Li, Z., & Rödelsperger, C. (submitted). Did Caenorhabditis nematodes recycle transposons to fight pathogens?


Cite as: https://hdl.handle.net/21.11116/0000-000A-61FA-F
Abstract
Animal genomes consist largely of sequences derived from transposons which were previously considered as junk DNA and active transposons can even be deleterious for organismal fitness. Nevertheless, the huge pool of transposon-derived sequences also forms the raw material for molecular innovations. Here, we follow up on the incidental finding of a transposon-derived DNA binding domain in a subset of F-box genes in Caenorhabditis elegans.
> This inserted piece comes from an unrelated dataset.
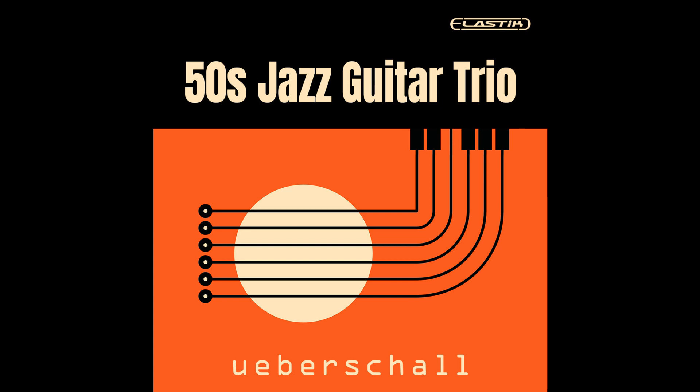50s Jazz Guitar Trio delivers the classic sound of a compact guitar-led jazz band. While the instruments are recorded to the highest standards, the warm and intimate tones of both the acoustic and electric guitars are a perfect match for the library's 50s-inspired jazz tunes. With smooth moods throughout, and that inimitable sense of top-class musicians locked into the groove, 50s Jazz Guitar Trio is the real deal.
Based on phylogenetic analysis, we show that a single gene fusion followed by individual losses explains most members of this novel gene family. Phylogenomic data of available Caenorhabditis genomes allowed us to trace this fusion event to the ancestor of the Elegans group. Additional homology searches suggest endogenous Mariner transposons as the likely source of the coopted sequence. Further bioinformatic characterization of different F-box families by Gene Ontology analysis, gene module comparisons, and literature research identified first evidence that some F-box genes might be involved in innate immunity, as it had been proposed previously based on adaptive signatures of molecular evolution. Specifically, the F-box gene fbxa-158 contains one of the transposon-derived domains and was shown to interact with the components of the intracellular pathogen response machinery targeting Microsporidia and viruses. Thus, cooption of transposon-derived sequences likely contributed to the adaptive evolution of the F-box superfamily in Caenorhabditis nematodes. Significance statement When considering transposons as genomic junk or selfish elements that are detrimental for organismal fitness, we often neglect the potential of transposon-derived sequences as a source of molecular innovation. Here, we characterize a case where a transposon-derived sequence has been coopted by one of the largest and fastest evolving gene superfamilies in Caenorhabditis nematodes which include the model organism C. elegans. The resulting chimeric gene family has been stably maintained for about 20 million years and bioinformatic analysis reveals first evidence for potential functions in innate immunity. Thus, strong evolutionary pressure might have forced Caenorhabditis nematodes to recycle transposons in order to fight pathogens.